Attraverso questi cercano di dividere i curdi per indebolirli. Sono anche coloro che vanno a Ginevra o vengono invitati in altre piattaforme internazionali come rappresentanti del Rojava. Ma anche attraverso i cristiani vengono fomentati giochi simili in nome del cristianesimo. Perché il nazionalismo degli Stati-nazione della modernità capitalista, con questo strumento hanno portato al fallimento di molte rivoluzioni e causato molte guerre sia nei secoli passati sia nel presente.

Inoltre la Russia, con l’assenso dell’amministrazione Trump, ha dato il via libera alla Turchia per l’occupazione di Afrin nell’anno 2018. Nel 2019 Trump ha dato allo Stato turco copertura per l’occupazione di Gire Spi e Serekaniye. Più il modello del confederalismo democratico si sviluppava con successo, più si inasprivano gli attacchi. In continuazione la Turchia viene usata come spada di Damocle contro la Nes. Inoltre i rappresentanti della Nes vengono esclusi dalle conferenze a Ginevra, Sochi e Astana sul futuro della Siria. Con queste si intende screditarli a livello internazionale dal punto di vista politico, pubblico e diplomatico.

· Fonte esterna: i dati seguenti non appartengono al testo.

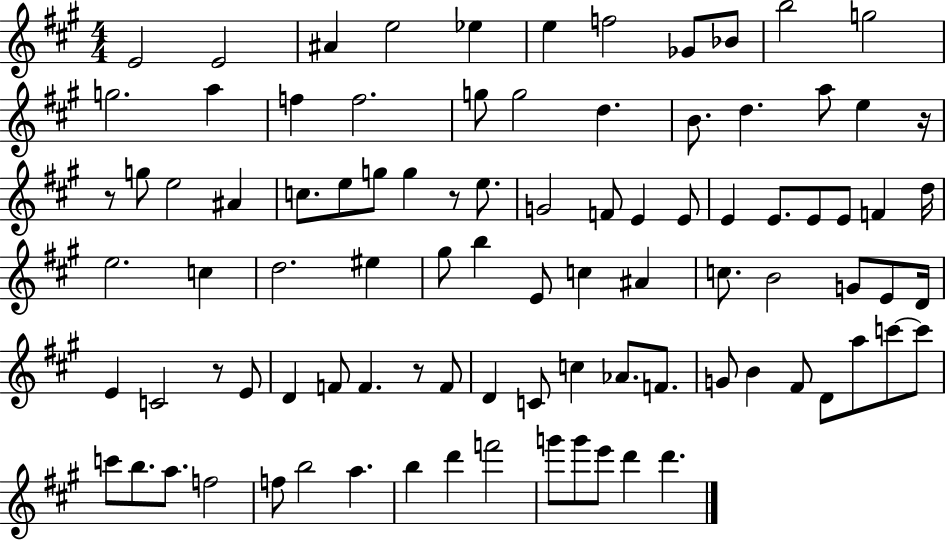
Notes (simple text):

E4/h E4/h A#4/q E5/h Eb5/q E5/q F5/h Gb4/e Bb4/e B5/h G5/h G5/h. A5/q F5/q F5/h. G5/e G5/h D5/q. B4/e. D5/q. A5/e E5/q R/s R/e G5/e E5/h A#4/q C5/e. E5/e G5/e G5/q R/e E5/e. G4/h F4/e E4/q E4/e E4/q E4/e. E4/e E4/e F4/q D5/s E5/h. C5/q D5/h. EIS5/q G#5/e B5/q E4/e C5/q A#4/q C5/e. B4/h G4/e E4/e D4/s E4/q C4/h R/e E4/e D4/q F4/e F4/q. R/e F4/e D4/q C4/e C5/q Ab4/e. F4/e. G4/e B4/q F#4/e D4/e A5/e C6/e C6/e C6/e B5/e. A5/e. F5/h F5/e B5/h A5/q. B5/q D6/q F6/h G6/e G6/e E6/e D6/q D6/q.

Questa esclusione, o anche isolamento, è una specie di punizione. Per tenere sotto controllo la Siria, anche l’Iran è impegnato nell’impedire al regime di entrare in un dialogo con la Nes. Nonostante la Russia in molti incontri diplomatici abbia garantito ai rappresentanti della Nes di indurre il regime siriano a un dialogo con la Nes, finora non è successo. Il persistente panarabismo del regime Baath è un altro un sostanziale ostacolo al dialogo.

La Nes quindi viene permanentemente attaccata non solo militarmente, ma anche ideologicamente. Mentre gli Stati sulla base dei propri interessi di potere vedono il confederalismo democratico come un pericolo, la Nes ha avuto grande solidarietà da parte delle persone a livello mondiale.

Come donna e come curda, il mio ringraziamento particolare va a Abdullah Öcalan che dalla centrale della tortura Imrali con le sue idee e proposte e i suoi consigli ci ha aiutati a trovare una soluzione in Kurdistan e per tutte le persone oppresse del Medio Oriente. È quindi un fatto umano naturale per tutte e tutti coloro che considerano il confederalismo democratico un’alternativa ai problemi locali, regionali e globali, impegnarsi anche per la sua libertà. Perché è per via delle sue idee che viene punito nel sistema di tortura a Imrali. È ora di lottare per la sua libertà. Da qui il mio appello a sostenere la campagna sudafricana “Il tempo è maturo: Libertà per Abdullah Öcalan – Per una pace giusta in Turchia”.